[override] DF/data4es: (possible) production step names for task. #371

mgolosova · 2020-06-17T14:51:47Z

Overridden with #379 (merged), #380 (merged)

(To be closed after those above are merged)

New fields are added on stage 017 (adjustMetadata):

ami_tags;
ctag_format_step;
ami_tags_format_step.

To be discussed:

would it be correct to take data formats from output_formats?
Yes.
should some formats (TXT, LOG, ...?) be filtered out?
Yes, but only LOG.

ToDo:

rebase after Merge REST API server branch to master #176 and remove cherry-picked commit (bf88a2f);

mgolosova · 2020-06-19T11:02:54Z

Расширение data4es для данных по прогрессу обработки событий

We have `ctag` field with the current (last) AMI tag; but fully understand the process, to which the given task belongs, we can only by the whole chain of AMI tags (as they basically define the steps of data processing). This field is not required now for any use-case, but will allow more accurate classification of tasks by steps and, consequently, let us provide more adequate results in some use-cases.

New fields are added on stage 017 (adjustMetadata): * ctag_format_step; * ami_tags_format_step. There are different ways to say one step from another: * MC production step name (already exists as 'step_name' field); * current AMI tag + output data format; * chain of AMI tags + output data format. The latter is supposed to be the most universal, but initially was used only the first one, then for some cases the second was invened, and... ...and there's no good way to make things as they are supposed to be all at once. So we need all the possible namings. --- NOTE 1. Step names are based on the output data formats. They can be taken from task's metadata `output_formats` field, but it wasn't used before (when we needed tasks classification by format-based-steps), so I am not sure can or cannot it be used here. NOTE 2. Since data format is taken not from `output_formats`, but from output datasets' names, the functionality from Stage 093 (datasetFormats) is reused by moving it into `pyDKB` library (module `atlas.misc` is created for this kind of more-than-once used functions).

No one will be interested in statictics related to these formats. In theory.

According to M.Borodin.

According to M.Borodin, field 'output_formats' and list of data formats, derived from the list of dataset names, must be exactly the same (if format is specified in 'output_formats', the task will produce a dataset in the given format).
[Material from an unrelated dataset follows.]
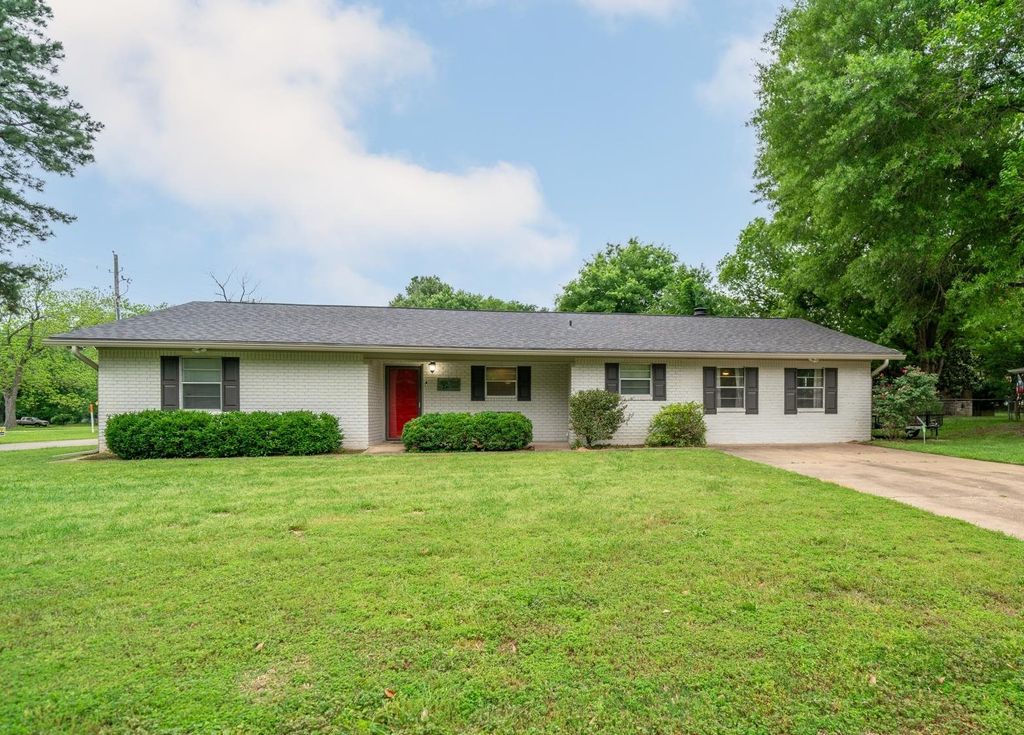 102 Randal Lane, Pittsburg, TX 75686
mgolosova · 2020-06-25T16:39:14Z

mgolosova force-pushed the data4es-017-steps branch from e92199c to 9c06106

Rebase on the new version of data4es-017-events-calculation-v2 + join of a couple of related commits (e.g. syntax fixes).

Evildoor

Due to my vacation and ambiguous state of this PR, this is merely a group of suggestions on things that caught my eye instead of complete review followed by approval/call for changes.

Utils/Dataflow/017_adjustMetadata/adjustMetadata.py

Utils/Dataflow/pyDKB/atlas/misc.py

Co-authored-by: Evildoor <evildoor256@gmail.com>

mgolosova · 2020-07-22T12:33:40Z

Will close and reopen the PR in attemt to restart the Travis PR build...

The merge is supposed to make the PR "mergeable" and allow Travis CI PR build.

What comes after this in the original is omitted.